**EXERCISE DIRECTIONS:** Leave out every picture and set down, exactly, the lines below from the one holding "Cozy brand new" up to and including the one holding "41 Hemlock St, Hazlet".

*** Opening of DATASET RECORDS ***

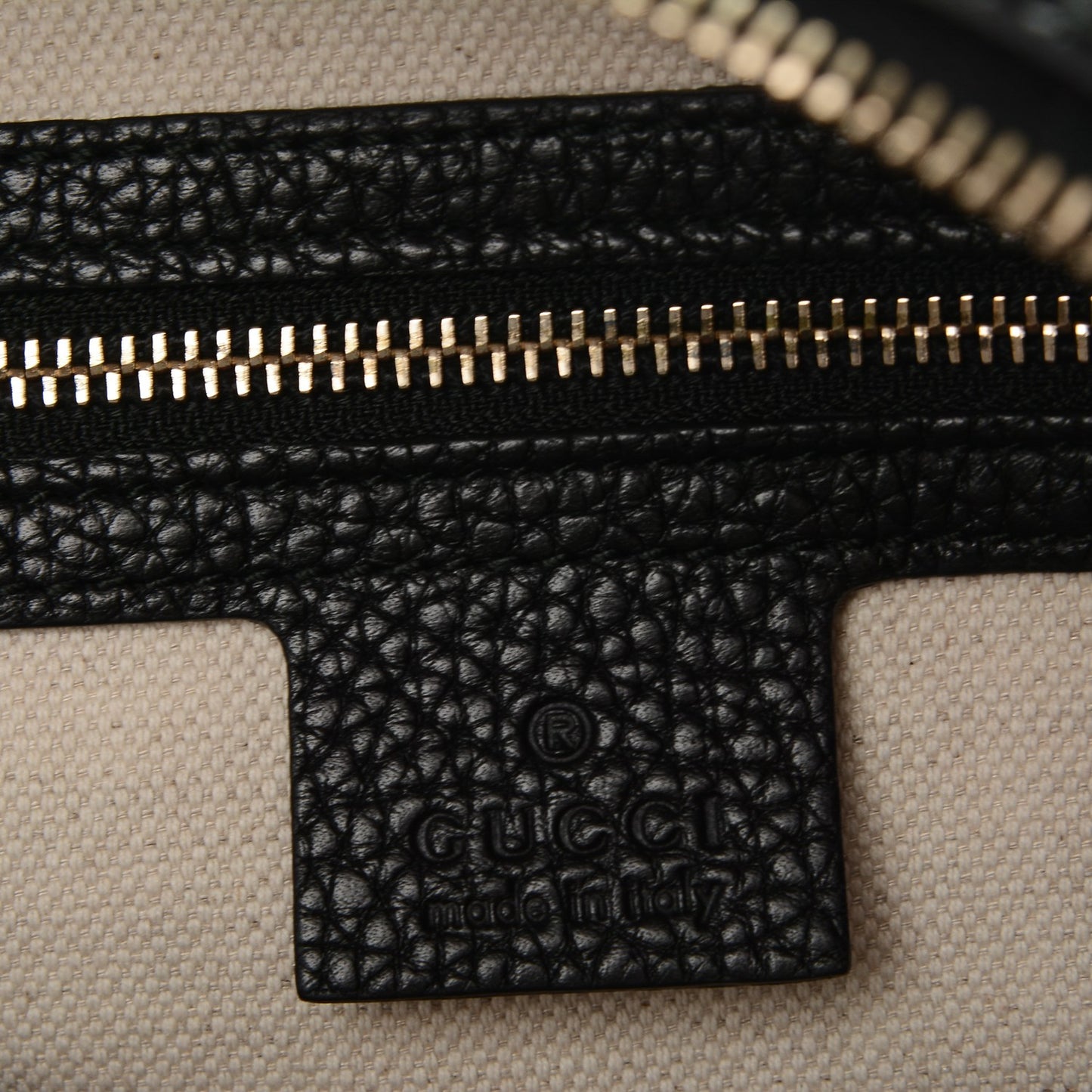 Calfskin Vintage Web Medium Boston Black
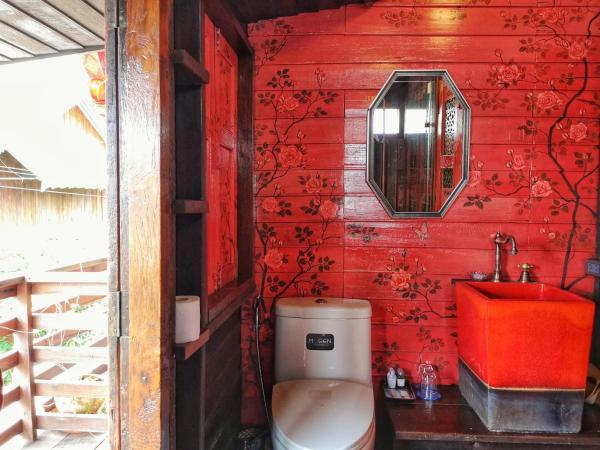 Siamotif Boutique Hotel : photo 3 de la chambre double room with balcony (flowery) - non-smoking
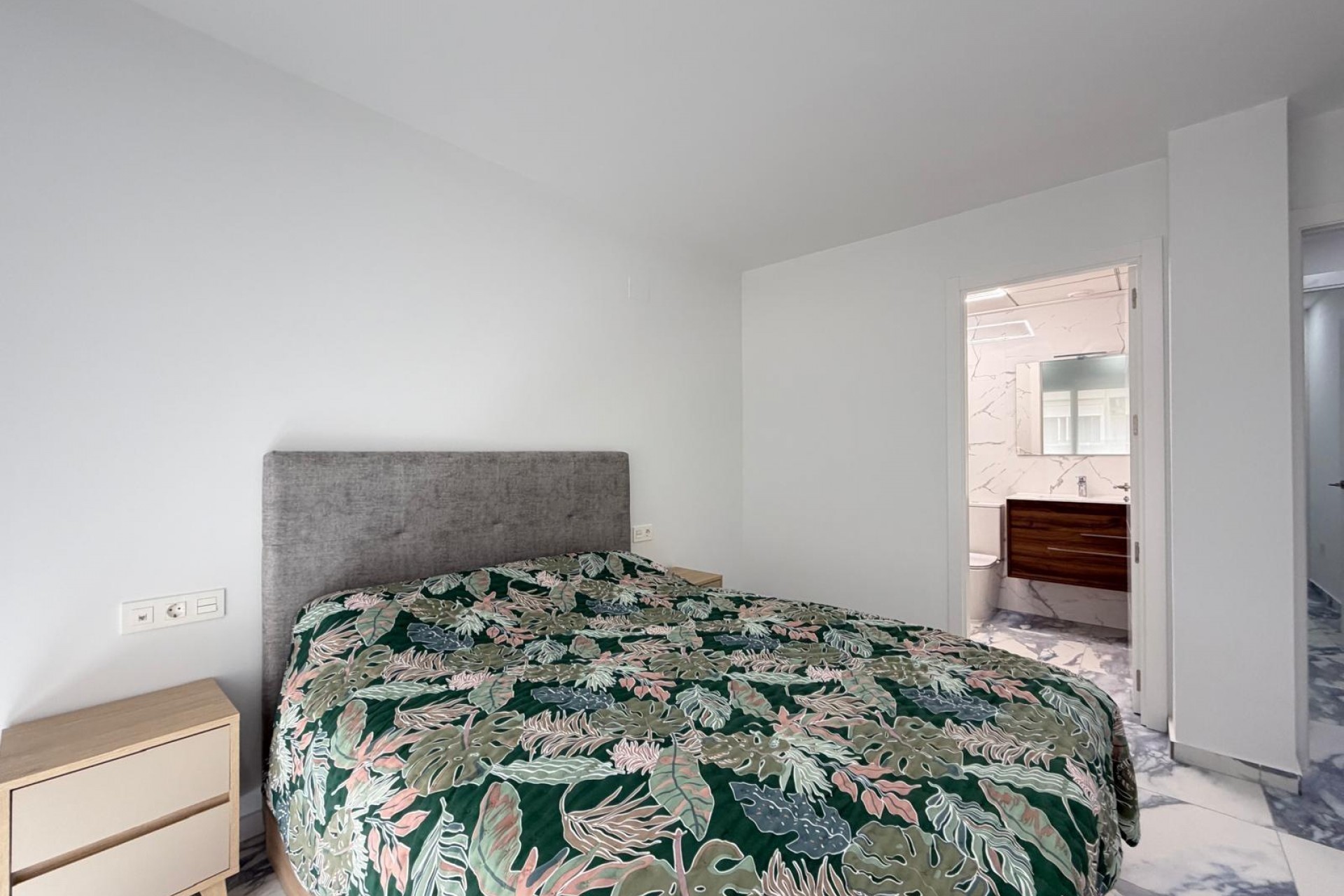 Te koop - Apartamento -
Torrevieja - Estacion de autobuses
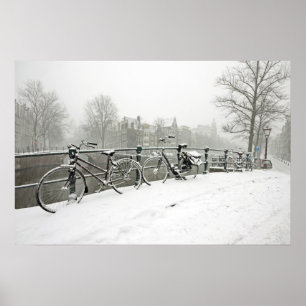 Sneeuwfietsen in Amsterdam, Nederland Poster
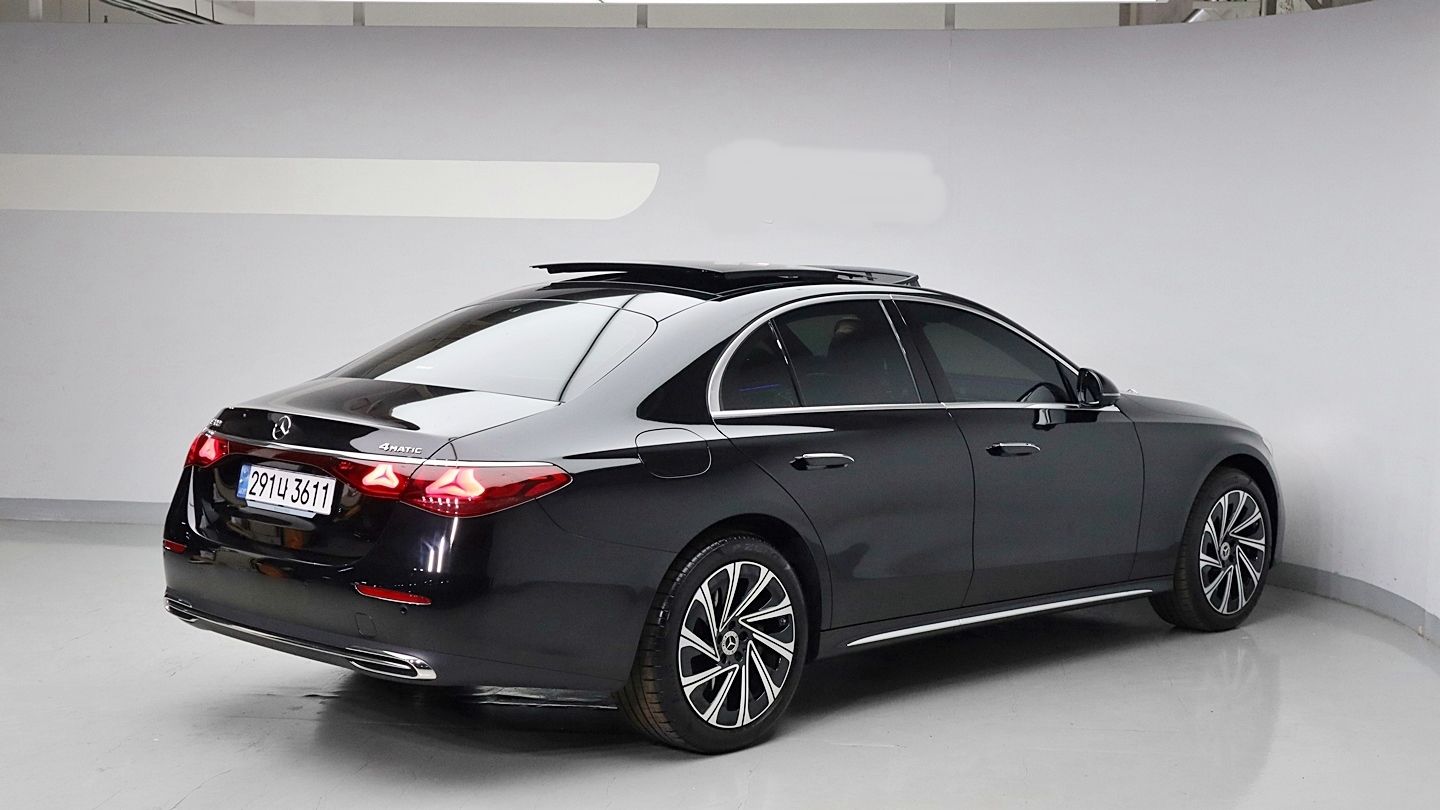 MERCEDES BENZ E-CLASS W214 2024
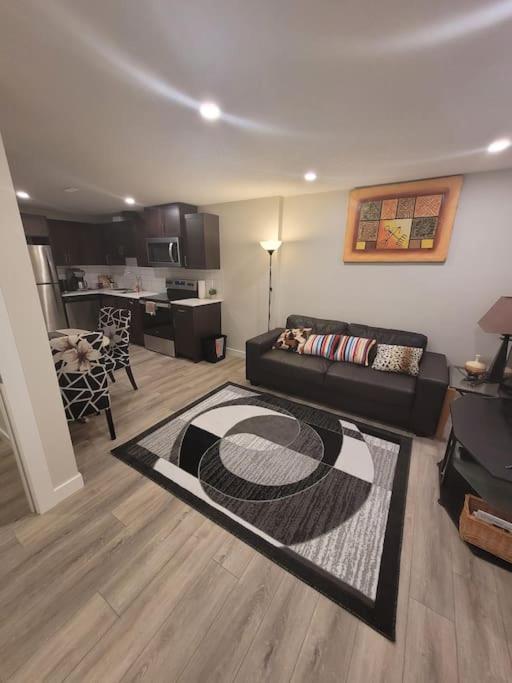 Cozy brand new 2 bedroom suite in Calgary Images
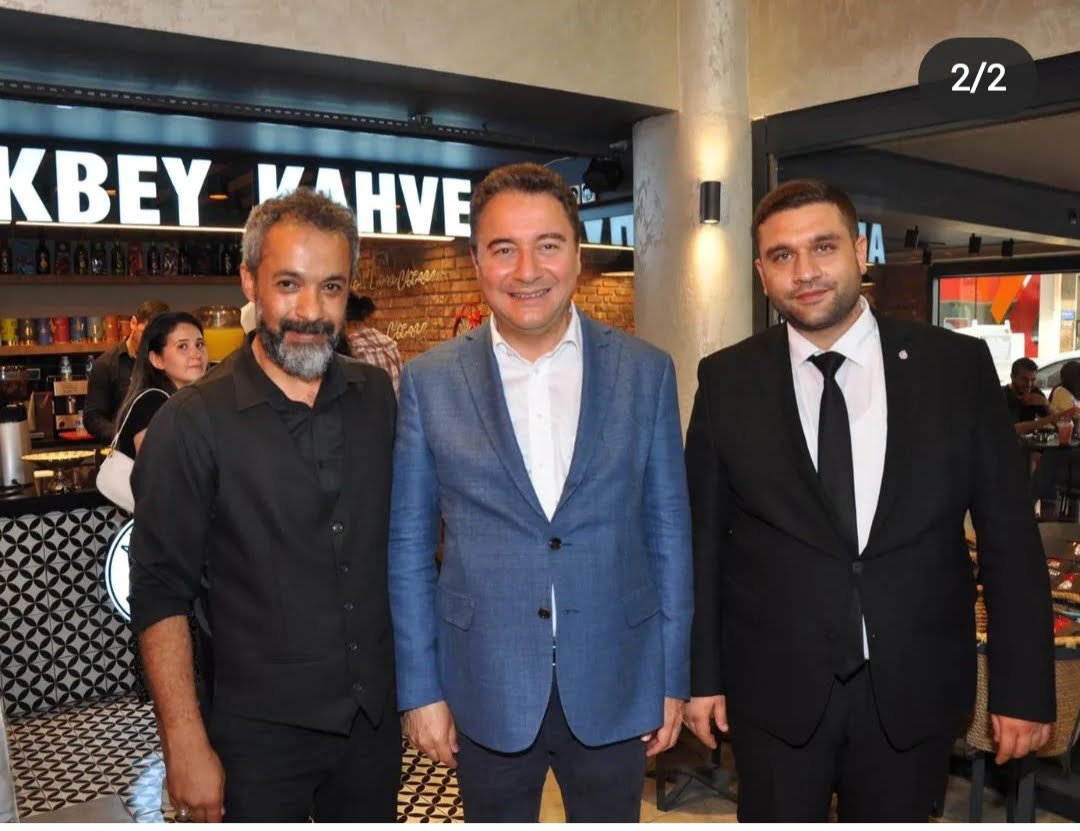 DEVA Partisi Genel Başkanı Ali Babacan ARTUKBEY Kahvede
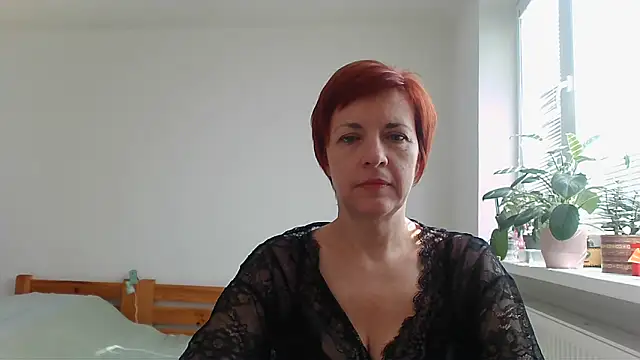 LoraLoraMay online show from 09.22.25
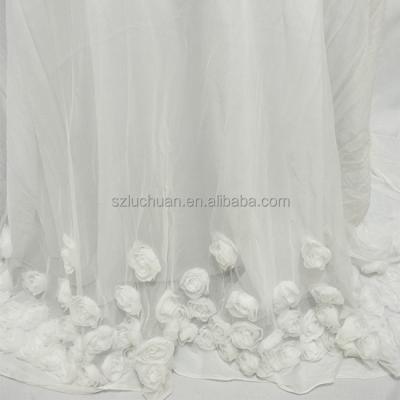 China Romantic And Charming High Quality Fancy Floral Wedding Decorated Tablecloth 120 Round White for sale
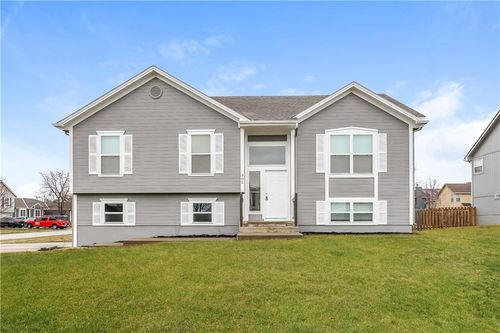 502 Sunny Ln, Raymore, MO, 64083-8557 | Card Image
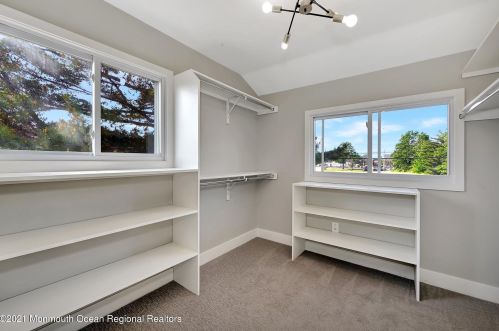 41 Hemlock St, Hazlet NJ  07730-2118 exterior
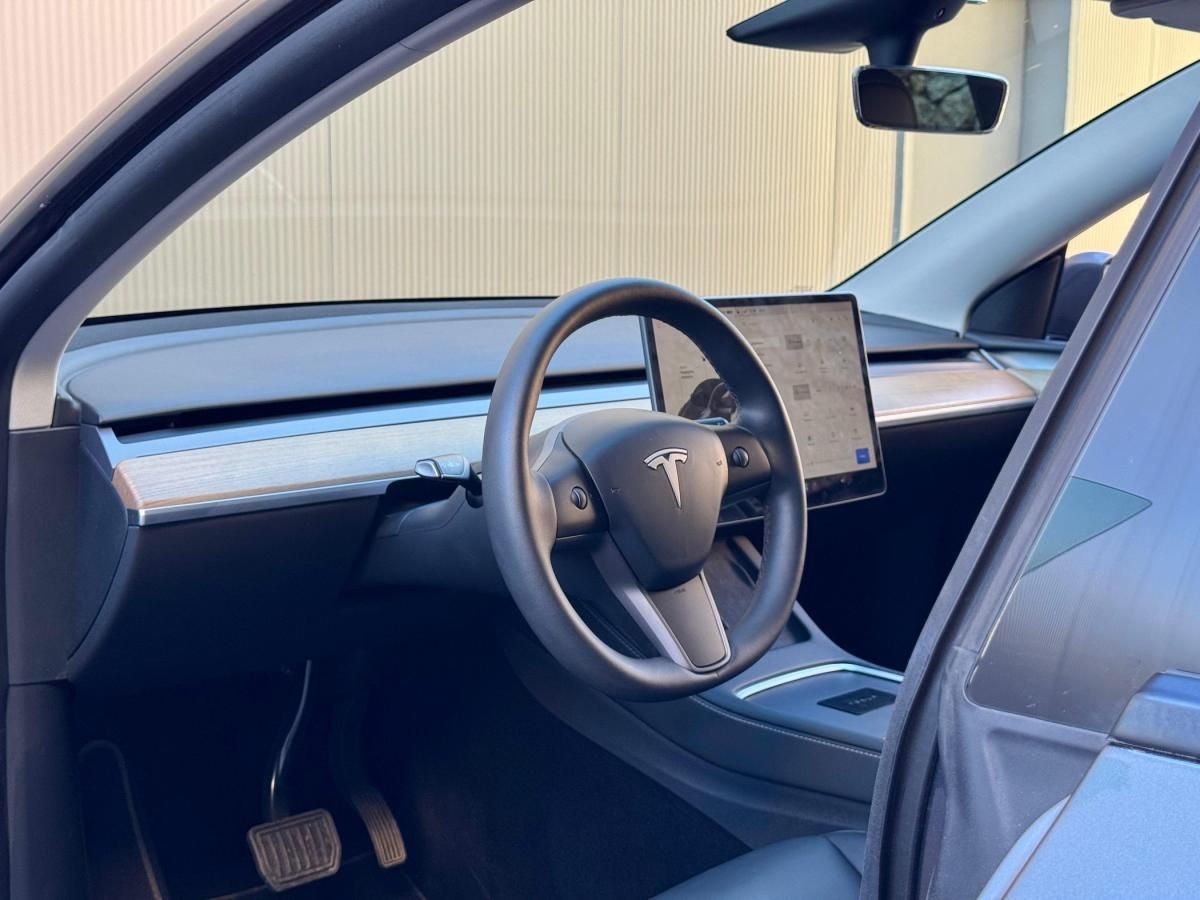 tesla-model-y-2022-eletrico-0cc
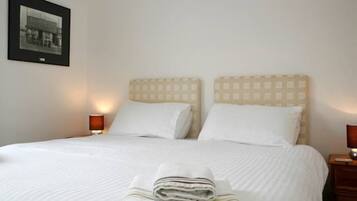 3 chambres, fer et planche Ă repasser, Wi-Fi gratuit, draps fournis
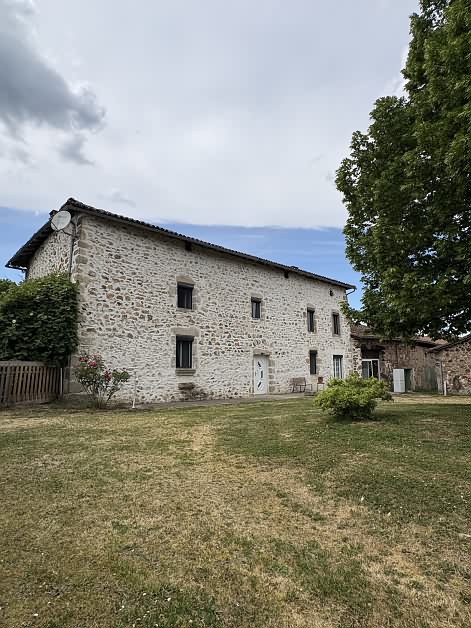 5 bed stone house for sale near Suaux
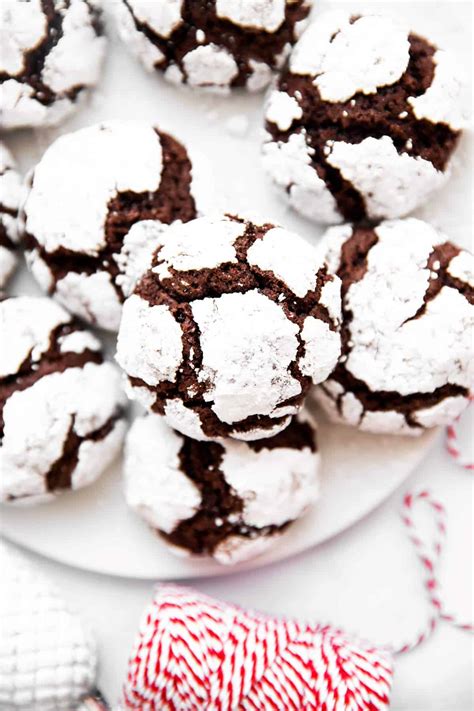 Chewy Chocolate Crinkle Cookies Recipe With Video Tutorial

*** Close of DATASET RECORDS ***

**TASK RESPONSE:**
 Cozy brand new 2 bedroom suite in Calgary Images
 DEVA Partisi Genel Başkanı Ali Babacan ARTUKBEY Kahvede
 LoraLoraMay online show from 09.22.25
 China Romantic And Charming High Quality Fancy Floral Wedding Decorated Tablecloth 120 Round White for sale
 502 Sunny Ln, Raymore, MO, 64083-8557 | Card Image
 41 Hemlock St, Hazlet NJ  07730-2118 exterior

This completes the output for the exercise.